Dataset ▸

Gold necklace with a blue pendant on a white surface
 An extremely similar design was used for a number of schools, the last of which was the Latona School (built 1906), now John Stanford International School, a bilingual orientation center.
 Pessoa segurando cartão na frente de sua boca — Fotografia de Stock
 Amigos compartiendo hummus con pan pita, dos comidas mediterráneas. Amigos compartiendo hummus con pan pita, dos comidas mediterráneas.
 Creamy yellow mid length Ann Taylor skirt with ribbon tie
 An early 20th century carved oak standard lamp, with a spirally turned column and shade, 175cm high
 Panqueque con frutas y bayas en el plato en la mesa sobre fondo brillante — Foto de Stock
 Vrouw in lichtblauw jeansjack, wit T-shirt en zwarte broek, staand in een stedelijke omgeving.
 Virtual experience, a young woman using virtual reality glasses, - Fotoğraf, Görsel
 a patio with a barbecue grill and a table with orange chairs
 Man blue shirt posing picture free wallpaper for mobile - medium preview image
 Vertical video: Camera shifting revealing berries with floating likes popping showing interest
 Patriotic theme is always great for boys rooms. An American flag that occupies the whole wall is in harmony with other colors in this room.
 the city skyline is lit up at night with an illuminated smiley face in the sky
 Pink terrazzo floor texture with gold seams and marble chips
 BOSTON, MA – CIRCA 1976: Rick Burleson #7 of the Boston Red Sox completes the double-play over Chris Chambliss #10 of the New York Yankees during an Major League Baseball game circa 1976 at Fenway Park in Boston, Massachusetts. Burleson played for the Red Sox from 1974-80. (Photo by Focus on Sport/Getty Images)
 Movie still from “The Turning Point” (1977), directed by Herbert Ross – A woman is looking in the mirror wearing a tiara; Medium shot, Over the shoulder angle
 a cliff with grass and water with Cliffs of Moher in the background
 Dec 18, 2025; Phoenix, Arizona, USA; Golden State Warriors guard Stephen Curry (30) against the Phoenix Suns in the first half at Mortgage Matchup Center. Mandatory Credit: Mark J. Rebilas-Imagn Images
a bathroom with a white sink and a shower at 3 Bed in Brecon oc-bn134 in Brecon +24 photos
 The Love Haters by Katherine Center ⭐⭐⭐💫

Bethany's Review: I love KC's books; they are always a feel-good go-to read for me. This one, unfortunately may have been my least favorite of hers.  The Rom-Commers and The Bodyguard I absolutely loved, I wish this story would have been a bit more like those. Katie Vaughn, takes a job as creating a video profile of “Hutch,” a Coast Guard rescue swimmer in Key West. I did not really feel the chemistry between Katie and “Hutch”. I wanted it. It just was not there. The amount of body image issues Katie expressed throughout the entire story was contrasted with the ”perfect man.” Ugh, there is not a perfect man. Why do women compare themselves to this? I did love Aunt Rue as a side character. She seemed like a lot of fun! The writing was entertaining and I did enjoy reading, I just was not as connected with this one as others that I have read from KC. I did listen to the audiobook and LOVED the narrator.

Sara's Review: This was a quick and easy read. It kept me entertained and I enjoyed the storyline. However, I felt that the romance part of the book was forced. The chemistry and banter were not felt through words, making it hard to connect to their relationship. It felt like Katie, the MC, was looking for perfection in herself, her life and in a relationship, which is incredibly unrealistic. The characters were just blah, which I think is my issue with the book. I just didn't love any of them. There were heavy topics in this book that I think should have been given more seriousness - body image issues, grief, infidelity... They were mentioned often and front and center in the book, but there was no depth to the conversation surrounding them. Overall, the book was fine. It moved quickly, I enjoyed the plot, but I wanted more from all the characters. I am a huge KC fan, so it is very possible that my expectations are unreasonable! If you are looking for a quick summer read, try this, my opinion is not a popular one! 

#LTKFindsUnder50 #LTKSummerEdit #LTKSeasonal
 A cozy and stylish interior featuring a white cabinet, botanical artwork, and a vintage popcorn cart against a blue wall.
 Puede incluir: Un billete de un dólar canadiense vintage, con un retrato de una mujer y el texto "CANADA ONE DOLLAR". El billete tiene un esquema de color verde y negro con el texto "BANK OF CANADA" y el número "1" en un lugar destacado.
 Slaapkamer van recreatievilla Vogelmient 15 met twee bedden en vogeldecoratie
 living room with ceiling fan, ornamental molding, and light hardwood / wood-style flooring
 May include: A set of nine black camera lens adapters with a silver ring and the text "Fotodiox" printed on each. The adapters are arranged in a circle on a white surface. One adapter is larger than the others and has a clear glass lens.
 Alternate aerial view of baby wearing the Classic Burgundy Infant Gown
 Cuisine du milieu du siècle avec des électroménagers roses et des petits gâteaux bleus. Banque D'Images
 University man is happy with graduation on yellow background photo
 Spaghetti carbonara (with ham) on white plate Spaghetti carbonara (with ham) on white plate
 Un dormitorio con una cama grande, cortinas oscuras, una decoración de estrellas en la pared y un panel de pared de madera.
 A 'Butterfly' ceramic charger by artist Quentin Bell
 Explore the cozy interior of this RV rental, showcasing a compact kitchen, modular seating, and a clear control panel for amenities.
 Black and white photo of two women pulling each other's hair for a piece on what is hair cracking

Problem ▸ Make an exact copy of the listing, including every line.

Response to this exercise ▸
Gold necklace with a blue pendant on a white surface
 An extremely similar design was used for a number of schools, the last of which was the Latona School (built 1906), now John Stanford International School, a bilingual orientation center.
 Pessoa segurando cartão na frente de sua boca — Fotografia de Stock
 Amigos compartiendo hummus con pan pita, dos comidas mediterráneas. Amigos compartiendo hummus con pan pita, dos comidas mediterráneas.
 Creamy yellow mid length Ann Taylor skirt with ribbon tie
 An early 20th century carved oak standard lamp, with a spirally turned column and shade, 175cm high
 Panqueque con frutas y bayas en el plato en la mesa sobre fondo brillante — Foto de Stock
 Vrouw in lichtblauw jeansjack, wit T-shirt en zwarte broek, staand in een stedelijke omgeving.
 Virtual experience, a young woman using virtual reality glasses, - Fotoğraf, Görsel
 a patio with a barbecue grill and a table with orange chairs
 Man blue shirt posing picture free wallpaper for mobile - medium preview image
 Vertical video: Camera shifting revealing berries with floating likes popping showing interest
 Patriotic theme is always great for boys rooms. An American flag that occupies the whole wall is in harmony with other colors in this room.
 the city skyline is lit up at night with an illuminated smiley face in the sky
 Pink terrazzo floor texture with gold seams and marble chips
 BOSTON, MA – CIRCA 1976: Rick Burleson #7 of the Boston Red Sox completes the double-play over Chris Chambliss #10 of the New York Yankees during an Major League Baseball game circa 1976 at Fenway Park in Boston, Massachusetts. Burleson played for the Red Sox from 1974-80. (Photo by Focus on Sport/Getty Images)
 Movie still from “The Turning Point” (1977), directed by Herbert Ross – A woman is looking in the mirror wearing a tiara; Medium shot, Over the shoulder angle
 a cliff with grass and water with Cliffs of Moher in the background
 Dec 18, 2025; Phoenix, Arizona, USA; Golden State Warriors guard Stephen Curry (30) against the Phoenix Suns in the first half at Mortgage Matchup Center. Mandatory Credit: Mark J. Rebilas-Imagn Images
a bathroom with a white sink and a shower at 3 Bed in Brecon oc-bn134 in Brecon +24 photos
 The Love Haters by Katherine Center ⭐⭐⭐💫

Bethany's Review: I love KC's books; they are always a feel-good go-to read for me. This one, unfortunately may have been my least favorite of hers.  The Rom-Commers and The Bodyguard I absolutely loved, I wish this story would have been a bit more like those. Katie Vaughn, takes a job as creating a video profile of “Hutch,” a Coast Guard rescue swimmer in Key West. I did not really feel the chemistry between Katie and “Hutch”. I wanted it. It just was not there. The amount of body image issues Katie expressed throughout the entire story was contrasted with the ”perfect man.” Ugh, there is not a perfect man. Why do women compare themselves to this? I did love Aunt Rue as a side character. She seemed like a lot of fun! The writing was entertaining and I did enjoy reading, I just was not as connected with this one as others that I have read from KC. I did listen to the audiobook and LOVED the narrator.

Sara's Review: This was a quick and easy read. It kept me entertained and I enjoyed the storyline. However, I felt that the romance part of the book was forced. The chemistry and banter were not felt through words, making it hard to connect to their relationship. It felt like Katie, the MC, was looking for perfection in herself, her life and in a relationship, which is incredibly unrealistic. The characters were just blah, which I think is my issue with the book. I just didn't love any of them. There were heavy topics in this book that I think should have been given more seriousness - body image issues, grief, infidelity... They were mentioned often and front and center in the book, but there was no depth to the conversation surrounding them. Overall, the book was fine. It moved quickly, I enjoyed the plot, but I wanted more from all the characters. I am a huge KC fan, so it is very possible that my expectations are unreasonable! If you are looking for a quick summer read, try this, my opinion is not a popular one! 

#LTKFindsUnder50 #LTKSummerEdit #LTKSeasonal
 A cozy and stylish interior featuring a white cabinet, botanical artwork, and a vintage popcorn cart against a blue wall.
 Puede incluir: Un billete de un dólar canadiense vintage, con un retrato de una mujer y el texto "CANADA ONE DOLLAR". El billete tiene un esquema de color verde y negro con el texto "BANK OF CANADA" y el número "1" en un lugar destacado.
 Slaapkamer van recreatievilla Vogelmient 15 met twee bedden en vogeldecoratie
 living room with ceiling fan, ornamental molding, and light hardwood / wood-style flooring
 May include: A set of nine black camera lens adapters with a silver ring and the text "Fotodiox" printed on each. The adapters are arranged in a circle on a white surface. One adapter is larger than the others and has a clear glass lens.
 Alternate aerial view of baby wearing the Classic Burgundy Infant Gown
 Cuisine du milieu du siècle avec des électroménagers roses et des petits gâteaux bleus. Banque D'Images
 University man is happy with graduation on yellow background photo
 Spaghetti carbonara (with ham) on white plate Spaghetti carbonara (with ham) on white plate
 Un dormitorio con una cama grande, cortinas oscuras, una decoración de estrellas en la pared y un panel de pared de madera.
 A 'Butterfly' ceramic charger by artist Quentin Bell
 Explore the cozy interior of this RV rental, showcasing a compact kitchen, modular seating, and a clear control panel for amenities.
 Black and white photo of two women pulling each other's hair for a piece on what is hair cracking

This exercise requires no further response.